The last line builds the algorithm using detAlgorithm and the function UCB.nextArm. Its measurability is proved by the fun_prop tactic, which proves measurability of functions by using lemmas tagged with @[fun_prop]. The last argument ⟨0, hK⟩ is the first action of the algorithm, which is 0 as an element of Fin K.

2.3.2. A theorem about UCB🔗

We can now state a theorem about the regret of UCB in a stochastic bandit environment (which we won't prove here). Let's first define the regret, which for stochastic bandits is the difference between the mean rewar that the algorithm would have obtained if it played always the best action, and the sum of mean rewards of the actions played.

def regret (ν : Kernel α ℝ) (A : ℕ → Ω → α) (t : ℕ) (ω : Ω) : ℝ :=
  t * (⨆ a, (ν a)[id]) - ∑ s ∈ range t, (ν (A s ω))[id]

The quantity (ν a)[id] is the mean reward of action a in the environment defined by ν.

We can now state the regret bound for UCB.

lemma regret_le [Nonempty (Fin K)]
    (h : IsAlgEnvSeq A R (ucbAlgorithm hK (c * σ2)) (stationaryEnv ν) P)
    (hν : ∀ a, HasSubgaussianMGF (fun x ↦ x - (ν a)[id]) σ2 (ν a))
    (hσ2 : σ2 ≠ 0) (hc : 0 < c) (n : ℕ) :
    P[regret ν A n] ≤
      ∑ a, (8 * c * σ2 * log (n + 1) / gap ν a + gap ν a * (2 + 2 * (constSum c n).toReal)) := byK:ℕhK:0 < Kc:ℝν:Kernel (Fin K) ℝinst✝²:IsMarkovKernel νΩ:Type u_1mΩ:MeasurableSpace ΩP:Measure Ωinst✝¹:IsProbabilityMeasure PA:ℕ → Ω → Fin KR:ℕ → Ω → ℝσ2:ℝ≥0inst✝:Nonempty (Fin K)h:IsAlgEnvSeq A R (ucbAlgorithm hK (c * ↑σ2)) (stationaryEnv ν) Phν:∀ (a : Fin K), HasSubgaussianMGF (fun x => x - ∫ (x : ℝ), id x ∂ν a) σ2 (ν a)hσ2:σ2 ≠ 0hc:0 < cn:ℕ⊢ ∫ (x : Ω), regret ν A n x ∂P ≤ ∑ a, (8 * c * ↑σ2 * log (↑n + 1) / gap ν a + gap ν a * (2 + 2 * (constSum c n).toReal))
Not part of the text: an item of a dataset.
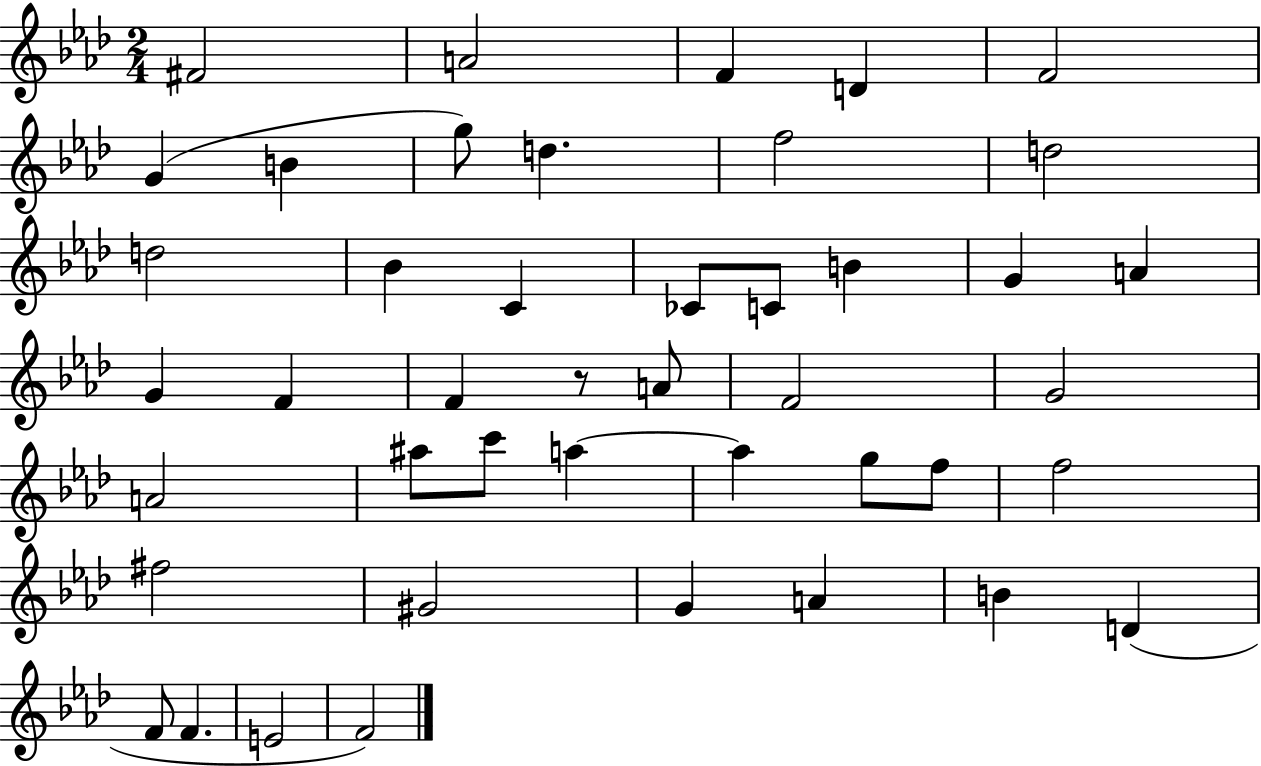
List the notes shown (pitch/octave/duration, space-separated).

The arguments of the theorem are the following:

h states that the sequence of actions and rewards we are considering is generated by the interaction of UCB with parameter c * σ2 with the stationary environment defined by ν.
hν states that the reward distribution of each arm is subgaussian with variance proxy σ2.
hσ2 and hc state that the parameters σ2 and c are positive.
n is the time horizon.

The theorem gives an upper bound on the expected regret of UCB at time n.

2.4. Building vs analyzing algorithms🔗

When building an algorithm, we describe it with functions from the history (Iic n → α × R) to the action space α. Thus, to construct UCB, we used the following empirical mean function.
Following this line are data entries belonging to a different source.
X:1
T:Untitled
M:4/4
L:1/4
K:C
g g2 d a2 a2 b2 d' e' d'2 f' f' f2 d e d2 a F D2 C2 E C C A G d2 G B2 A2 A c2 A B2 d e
def empMean' (n : ℕ) (h : Iic n → α × ℝ) (a : α) :=
  (sumRewards' n h a) / (pullCount' n h a)

When analyzing an algorithm, we work with sequences of actions and rewards A : ℕ → Ω → α and R' : ℕ → Ω → R that satisfy IsAlgEnvSeq. For the analysis, the empirical mean is defined as a stochastic process on the same probability space Ω.

def empMean (A : ℕ → Ω → α) (R' : ℕ → Ω → ℝ) (a : α) (t : ℕ) (ω : Ω) : ℝ :=
  sumRewards A R' a t ω / pullCount A a t ω

empMean A R' a is a stochastic process with type ℕ → Ω → ℝ that gives the empirical mean of action a at each time.